Mi marido y yo somos perfeccionistas, de esos que tienen un láser métrico en casa porque la cinta de toda la vida no es suficientemente exacta, de los que han pensado y diseñado un mueble para que la distribución de los botes en el armario sea la más apropiada, de los que se pasaron dos horas discutiendo dónde guardarían el aspirador, en aras de la comodidad y la estética. Por eso supongo que siento que a nuestra familia le falta algo sin un hijo, que es, en definitiva, defectuosa. Y eso que nuestro perro se porta como un bebé, ahora que cada noche nos despierta tres o cuatro veces porque o bien tiene sed, o insomnio o calor o véte tu a saber. Fantaseo con darle el biberón.
Las madres y los padres siempre dicen que su hijo es lo mejor que les ha pasado en la vida. Me tienta comparar todo lo que me ha pasado a mí para ver si todavía sigo perdiendo y ni mi estancia en un campo de refugiados, ni mi relación maravillosa con mi marido, ni mi excitante vida universitaria, ni esta sensación que tengo cuando escribo, ni nada de lo que he hecho o hago sea como tener un niño. A veces soy mala y me apeno de las madres enajenadas que ya no disfrutan de nada más que de tener a su hijo encima, las compadezco porque están como drogadas y la evolución las domina, pero me dura poco y aunque yo acabe siendo una zombi más supeditada al apego instintivo de las crías, quiero saber qué se siente. ¿De verdad preferiré ver gatear a mi hija que leer a Richard Dawkins? ¿De verdad no me arrepentiré de, si llega el caso, no haber acabado mi doctorado? A veces pienso que soy poco maternal, que en el fondo yo sólo quiero tener hijos porque, otra vez, querría decir que ya sí, mi familia es perfecta, sobretodo si el niño es tan guapo como su padre. Quizás yo no querría tener un niño si me diera cuenta de que lloran y no se callan, de que despiertan también un instinto, con perdón, asesino, y de que duran siempre y en todas mis horas muertas y mis viajes -también en los que de jubilada esté dando vueltas por el mundo en autocaravana con mi marido-, tenga que llamarlo(s) para que mi mundo esté en paz, para que pueda estar tranquila, como cuando no tenía hijos de los que preocuparme.

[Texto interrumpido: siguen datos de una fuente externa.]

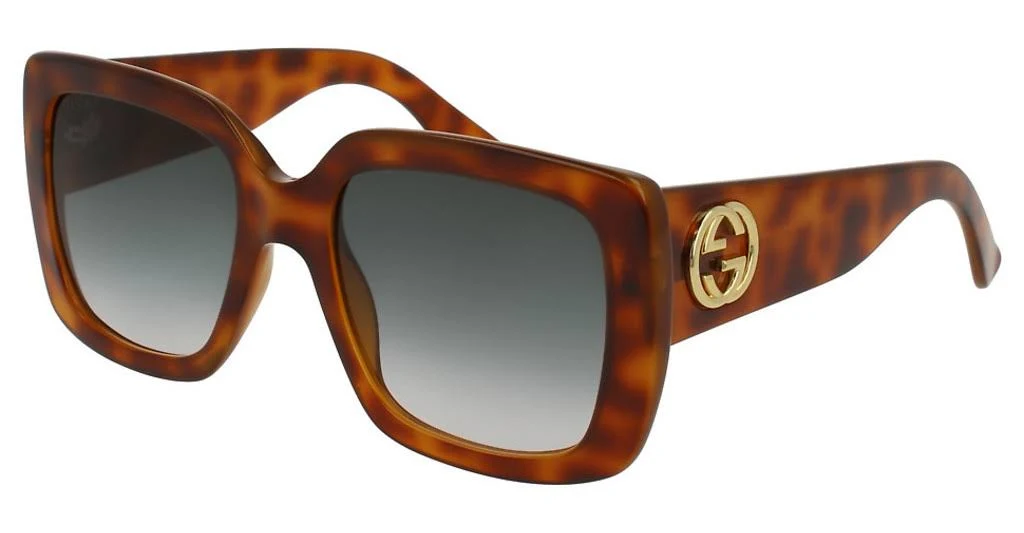 Gucci GG0141S 002 Havana Square Sunglasses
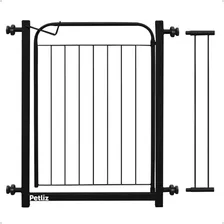 Portão Portãozinho Preto Petliz Grade Extensível Proteção Corredor Portas Escada Quarto Cozinha Pet Cachorro Criança Bebês 80 X 70cm Foto mini  2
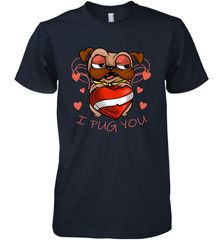 I Pug You Cute Valentines Day Love Heart Pug Dog Valentine Men's Premium T-Shirt Men's Premium T-Shirt - FordPhuMy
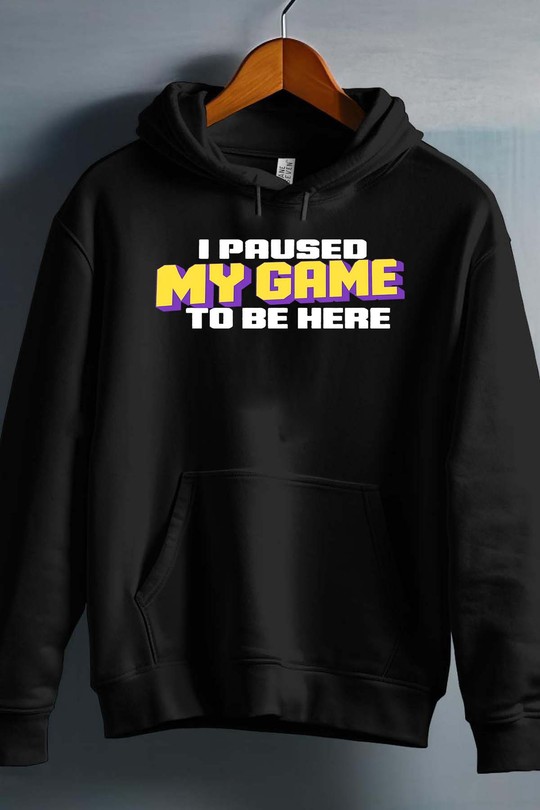 To Be here Game - Sweat capuche Homme-NOIR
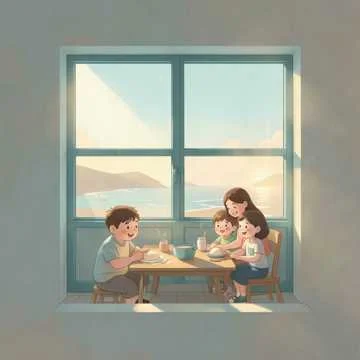 Оля любила маму, любила отца,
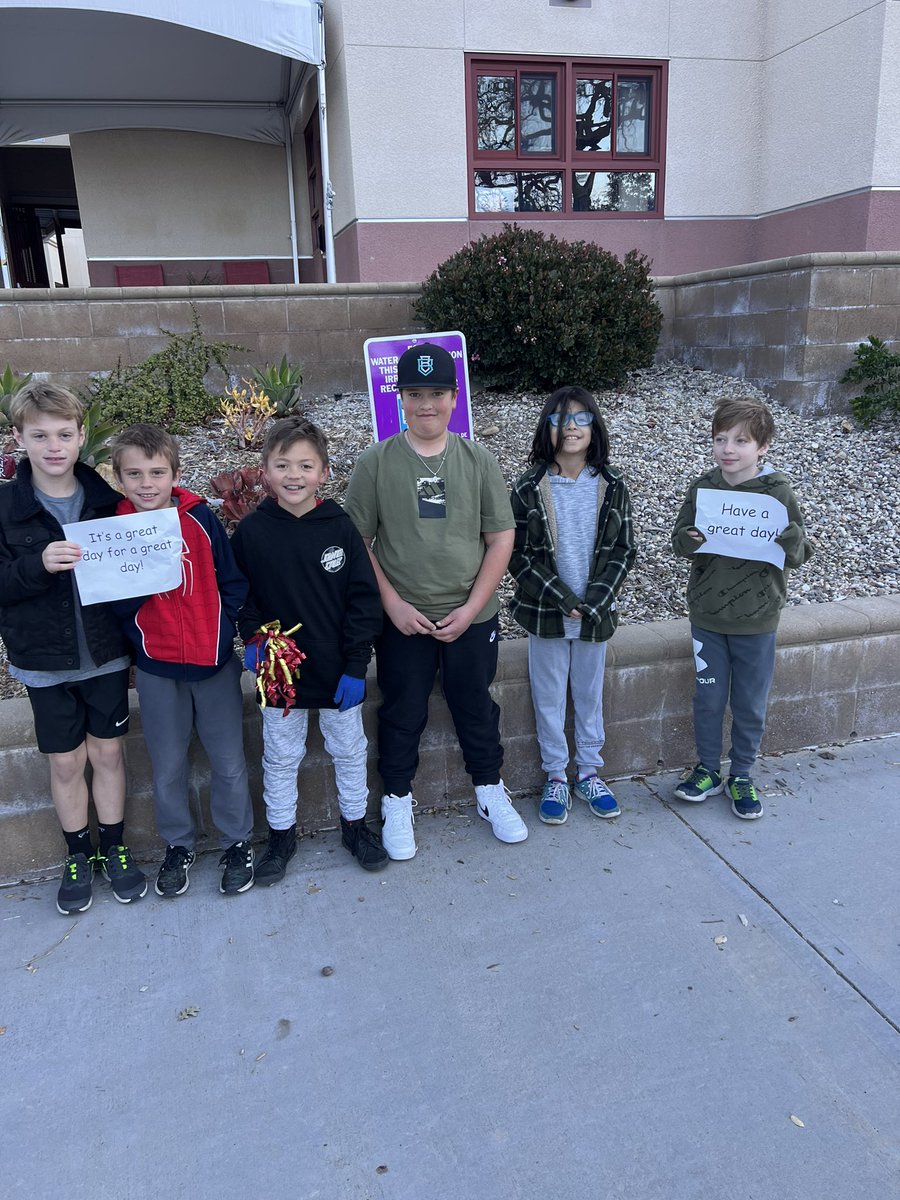 mrsferguson23's tweet photo. #kindnessforkate ripple effect! Our class wanted to go beyond and cheer on S’s as they got to school. #lvusdrocks #becoolbeyoubekind https://t.co/AkqRDO6vzb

Si ha seguido leyendo hasta aquí, no me imagine llorando desconsolada, tocándome el vientre plano, cerrando las pestañas de los foros de mujeres que anhelan estar embarazadas. Estoy bien, no necesito que me consuele. No es una buena idea decirle a una mujer en esta situación que no pasa nada, que no se obsesione, que todo llega o incluso que conoce a alguien que le llevó huevos a Santa Clara. No se lamente por mi, prefiero que me diga, aunque sea mentira, que los niños son un agobio. Espero contradecirla un día y mientras tanto jugar a romper este tabú y el silencio de las mujeres que se desangran.